## Adding Classes to a Package

### Anatomy of a class
working in `work_dir/my_package/my_class.py`

In [None]:
# Define a minimal class with an attribute
class MyClass:
    """A minimal example class 
    :param value: value to set as the ``attribute`` attribute  
    :ivar attribute: contains the contents of ``value`` passed in init  
    """
    # Method to create a new instance of MyClass
    def __init__(self, value):
        # Define attribute with the contents of the value param      
        self.attribute = value

### Using a class in a package
working in `work_dir/my_package/__init__.py`

In [None]:
from .my_class import MyClass

working in `work_dir/my_script.py`

In [None]:
import my_package

# Create instance of MyClass
my_instance = my_package.MyClass(value='class attribute value')

# Print out class attribute value
print(my_instance.attribute)

### The self convention 
working in `work_dir/my_package/my_class.py`

In [None]:
# Define a minimal class with an attribute
class MyClass:
    """A minimal example class   
    :param value: value to set as the ``attribute`` attribute  
    :ivar attribute: contains the contents of ``value`` passed in init   
    """
    # Method to create a new instance of MyClass
    def __init__(self, value):
        # Define attribute with the contents of the value param  
        self.attribute = value

In [None]:
my_instance = my_package.MyClass(value='class attribute value')

In [None]:
# Practice 1

# Define Document class
class Document:
    """A class for text analysis
    
    :param text: string of text to be analyzed
    :ivar text: string of text to be analyzed; set by `text` parameter
    """
    # Method to create a new instance of Document
    def __init__(self, text):
        # Store text parameter to the text attribute
        self.text = text

In [None]:
# Practice 2

# Import custom text_analyzer package
import text_analyzer

# Create an instance of Document with datacamp_tweet
my_document = text_analyzer.Document(text=datacamp_tweet)

# Print the text attribute of the Document instance
print(my_document.text)

## Leveraging Classes

### Extending Document class

In [None]:
class Document:
    def __init__(self, text):    
        self.text = text

### Revisiting `__init__`

In [None]:
class Document:
    def __init__(self, text):       
        self.text = text       
        self.tokens = self._tokenize()

doc = Document('test doc')
print(doc.tokens)

### Adding _tokenize() method

In [None]:
# Import function to perform tokenization
from .token_utils import tokenize

class Document:
    def __init__(self, text, token_regex=r'[a-zA-Z]+'):  
        self.text = text       
        self.tokens = self._tokenize()
        
    def _tokenize(self):
        return tokenize(self.text)

### The DRY principle
- D: Don't
- R: Repeat
- Y: Yourself

### Inheritance in Python
![Screenshot 2025-08-21 at 5.59.28 PM.png](attachment:cff0d618-42bc-4929-9efe-edb23fcb1917.png)

In [None]:
# Import ParentClass object
from .parent_class import ParentClass

# Create a child class with inheritance
class ChildClass(ParentClass):
    def __init__(self):
        # Call parent's __init__ method   
        ParentClass.__init__(self)
        # Add attribute unique to child class   
        self.child_attribute = "I'm a child class attribute!"

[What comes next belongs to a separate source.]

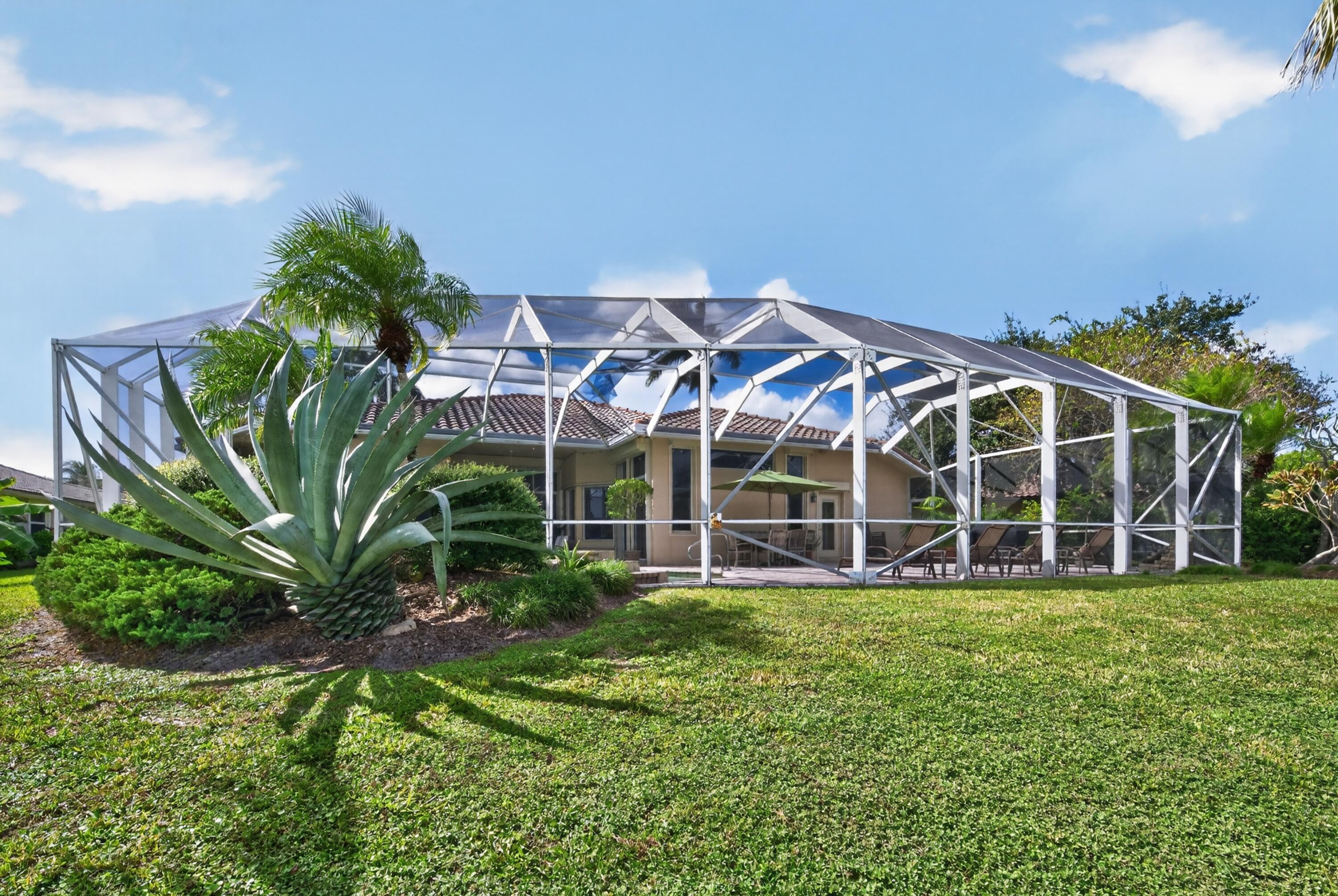 055-037-Exterior Back-4000x2680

# Create a ChildClass instance
child_class = ChildClass()
print(child_class.child_attribute)
print(child_class.parent_attribute)

### Multilevel inheritance and super

In [None]:
class Parent:
    def __init__(self):
        print("I'm a parent!")

class Child(Parent):
    def __init__(self):     
        Parent.__init__()
        print("I'm a child!")

class SuperChild(Child):
    def __init__(self):
        super().__init__()
        print("I'm a super child!")

In [None]:
class Parent:
    def __init__(self):
        print("I'm a parent!")

class SuperChild(Parent):
    def __init__(self):
        super().__init__()
        print("I'm a super child!")

class Grandchild(SuperChild):
    def __init__(self):
        super().__init__()
        print("I'm a grandchild!")

grandchild = Grandchild()

In [None]:
# Practice 3

class Document:
    def __init__(self, text):
        self.text = text
        # pre-tokenize the document with non-public tokenize method
        self.tokens = self._tokenize()
        # pre-count the document's words with non-public count_words method
        self.word_counts = self._count_words()

    def _tokenize(self):
        return tokenize(self.text)

    # non-public method to tally document's word counts with Counter
    def _count_words(self):
        return Counter(self.tokens)

In [None]:
# Practice 4

# create a new document instance from datacamp_tweets
datacamp_doc = Document(datacamp_tweets)

# print the first 5 tokens from datacamp_doc
print(datacamp_doc.tokens[:5])

# print the top 5 most used words in datacamp_doc
print(datacamp_doc.word_counts.most_common(5))

In [None]:
# Practice 5

# Define a SocialMedia class that is a child of the `Document class`
class SocialMedia(Document):
    def __init__(self, text):
        Document.__init__(self, text)
        self.hashtag_counts = self._count_hashtags()
        
    def _count_hashtags(self):
        # Filter attribute so only words starting with '#' remain
        return filter_word_counts(self.word_counts, first_char="#")

In [None]:
# Practice 6

# Import custom text_analyzer package
import text_analyzer

# Create a SocialMedia instance with datacamp_tweets
dc_tweets = text_analyzer.SocialMedia(text=datacamp_tweets)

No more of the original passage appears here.